ABOUT THIS EXERCISE
With the pictures set aside, write out all of the data exactly as it stands.

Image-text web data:
****************************************

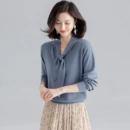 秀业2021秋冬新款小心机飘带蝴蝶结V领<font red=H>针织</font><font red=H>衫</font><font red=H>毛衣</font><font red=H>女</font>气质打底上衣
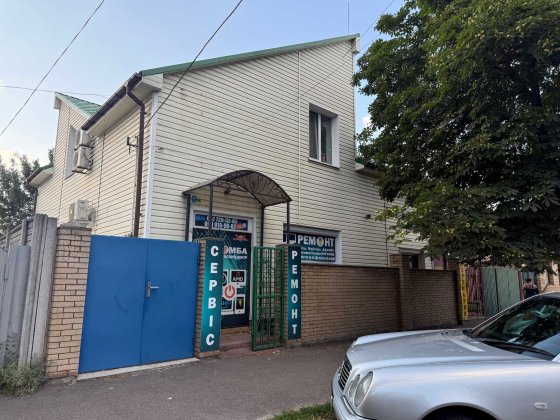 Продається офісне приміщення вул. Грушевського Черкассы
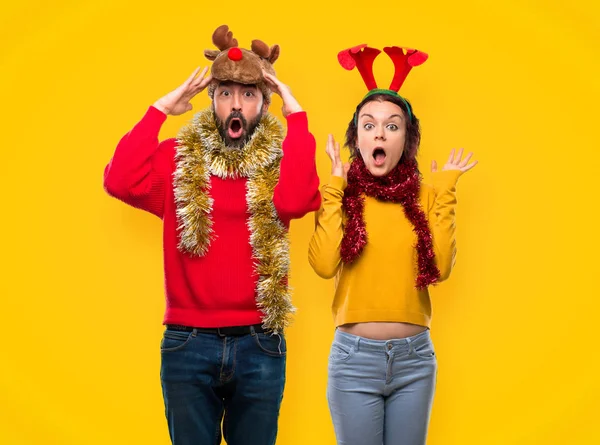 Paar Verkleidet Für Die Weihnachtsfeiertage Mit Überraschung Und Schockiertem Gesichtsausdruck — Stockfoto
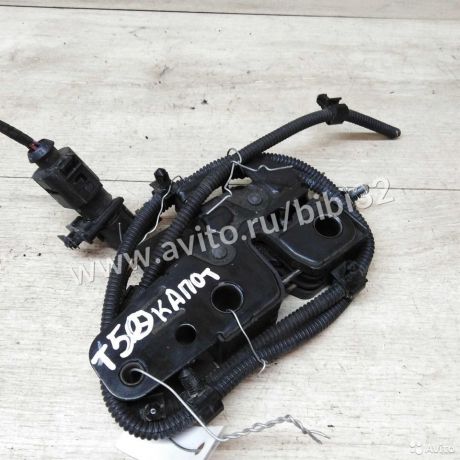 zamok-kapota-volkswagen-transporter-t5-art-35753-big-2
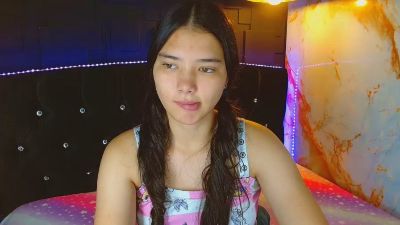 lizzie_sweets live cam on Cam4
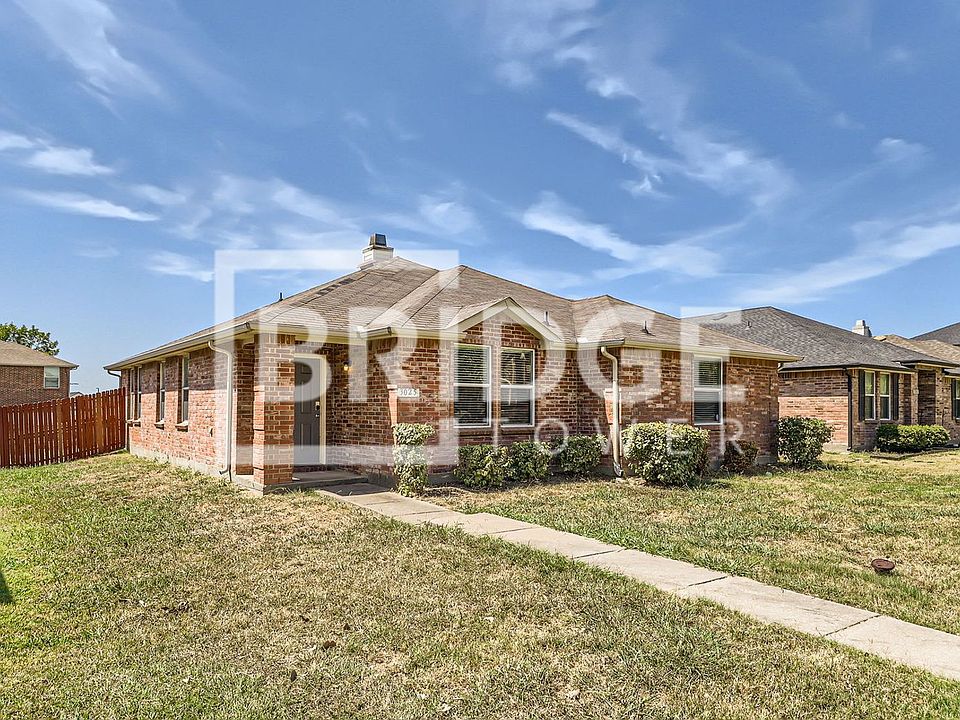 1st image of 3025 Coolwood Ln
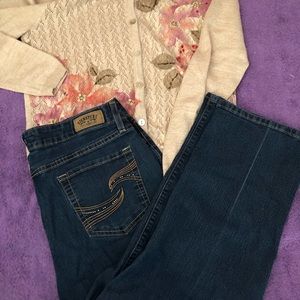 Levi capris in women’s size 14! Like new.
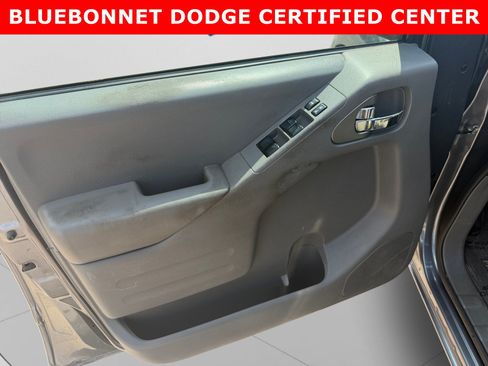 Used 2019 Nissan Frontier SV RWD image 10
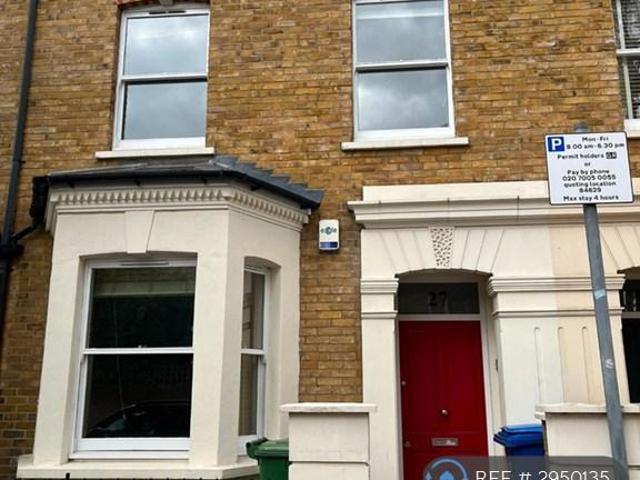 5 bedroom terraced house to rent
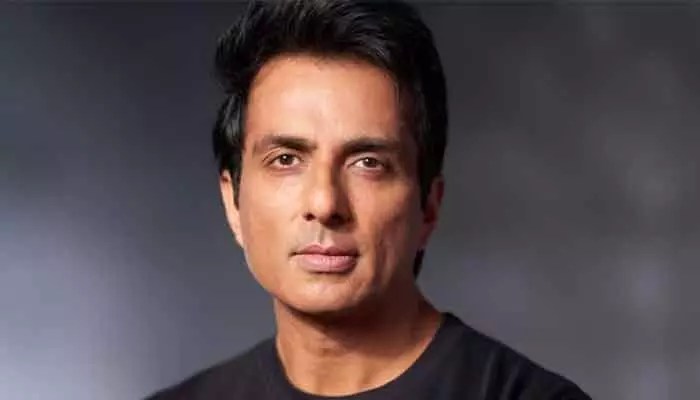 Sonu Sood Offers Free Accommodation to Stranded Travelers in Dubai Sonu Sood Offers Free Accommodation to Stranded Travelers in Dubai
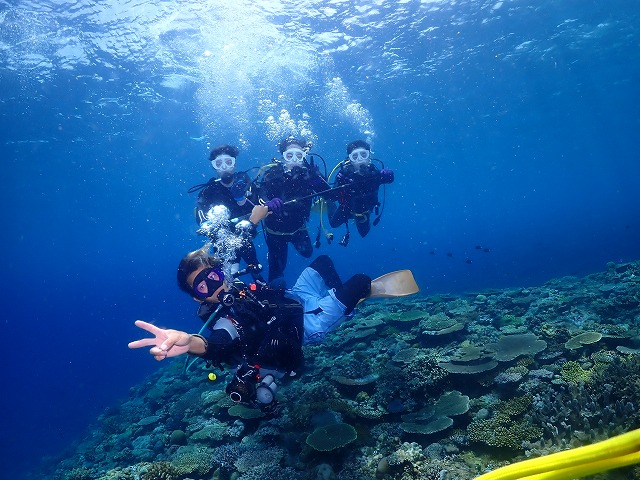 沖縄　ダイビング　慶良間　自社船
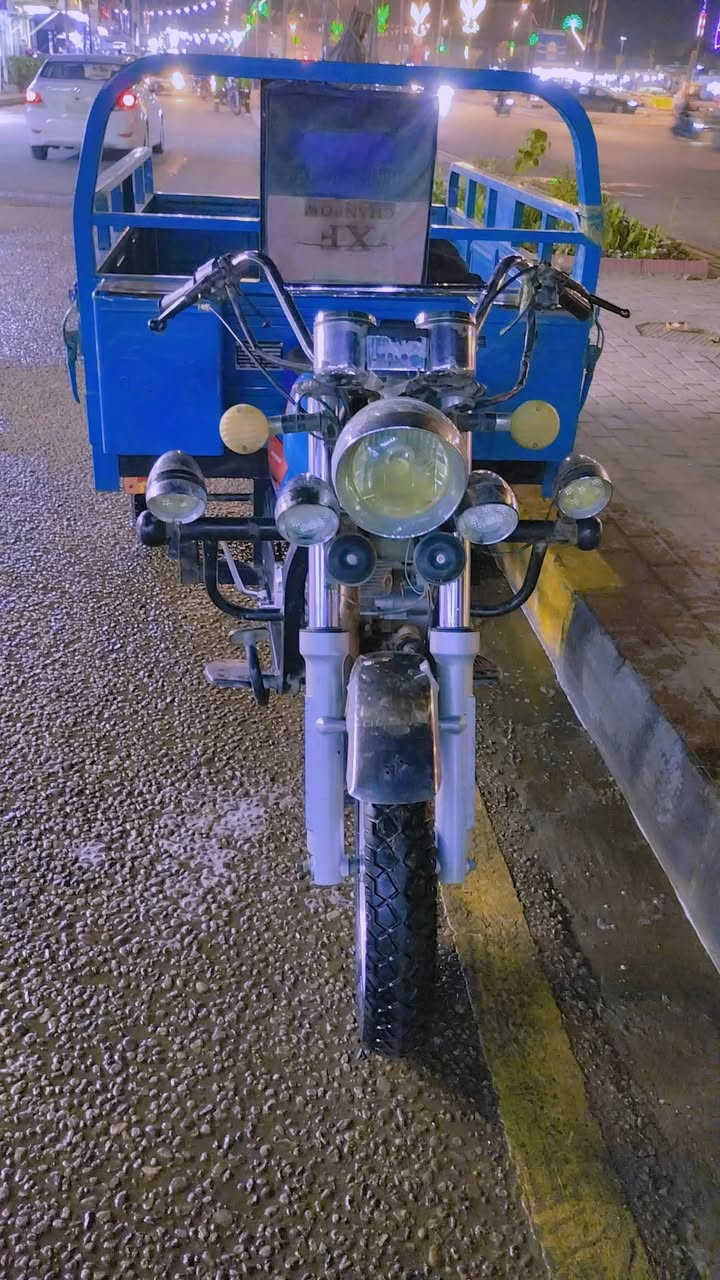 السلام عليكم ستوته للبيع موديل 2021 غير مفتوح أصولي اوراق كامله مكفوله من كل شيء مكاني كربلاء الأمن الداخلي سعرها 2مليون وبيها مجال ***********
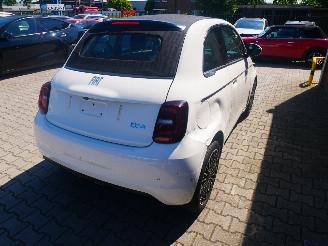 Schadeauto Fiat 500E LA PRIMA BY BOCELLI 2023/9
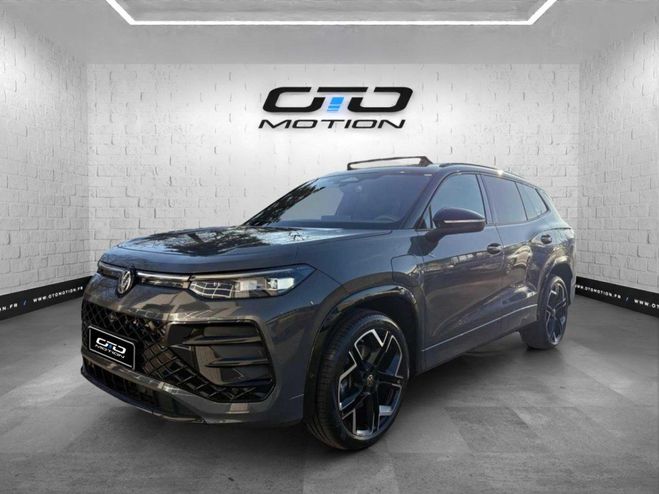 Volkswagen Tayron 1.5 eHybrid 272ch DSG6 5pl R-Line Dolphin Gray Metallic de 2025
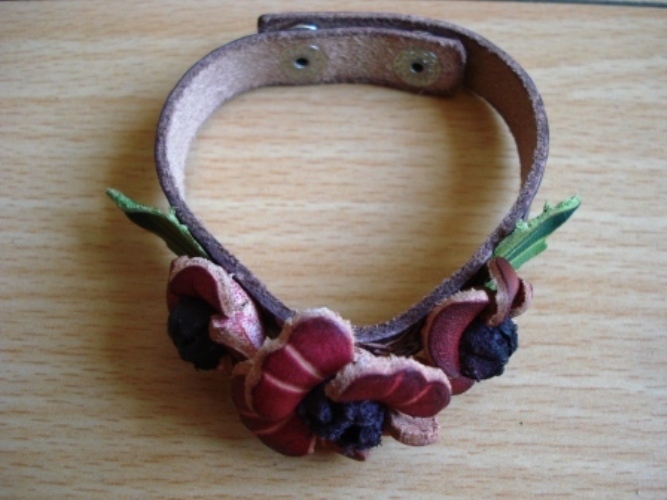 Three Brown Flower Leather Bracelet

****************************************

RESULT OF THE TASK
 秀业2021秋冬新款小心机飘带蝴蝶结V领<font red=H>针织</font><font red=H>衫</font><font red=H>毛衣</font><font red=H>女</font>气质打底上衣
 Продається офісне приміщення вул. Грушевського Черкассы
 Paar Verkleidet Für Die Weihnachtsfeiertage Mit Überraschung Und Schockiertem Gesichtsausdruck — Stockfoto
 zamok-kapota-volkswagen-transporter-t5-art-35753-big-2
 lizzie_sweets live cam on Cam4
 1st image of 3025 Coolwood Ln
 Levi capris in women’s size 14! Like new.
 Used 2019 Nissan Frontier SV RWD image 10
 5 bedroom terraced house to rent
 Sonu Sood Offers Free Accommodation to Stranded Travelers in Dubai Sonu Sood Offers Free Accommodation to Stranded Travelers in Dubai
 沖縄　ダイビング　慶良間　自社船
 السلام عليكم ستوته للبيع موديل 2021 غير مفتوح أصولي اوراق كامله مكفوله من كل شيء مكاني كربلاء الأمن الداخلي سعرها 2مليون وبيها مجال ***********
 Schadeauto Fiat 500E LA PRIMA BY BOCELLI 2023/9
 Volkswagen Tayron 1.5 eHybrid 272ch DSG6 5pl R-Line Dolphin Gray Metallic de 2025
 Three Brown Flower Leather Bracelet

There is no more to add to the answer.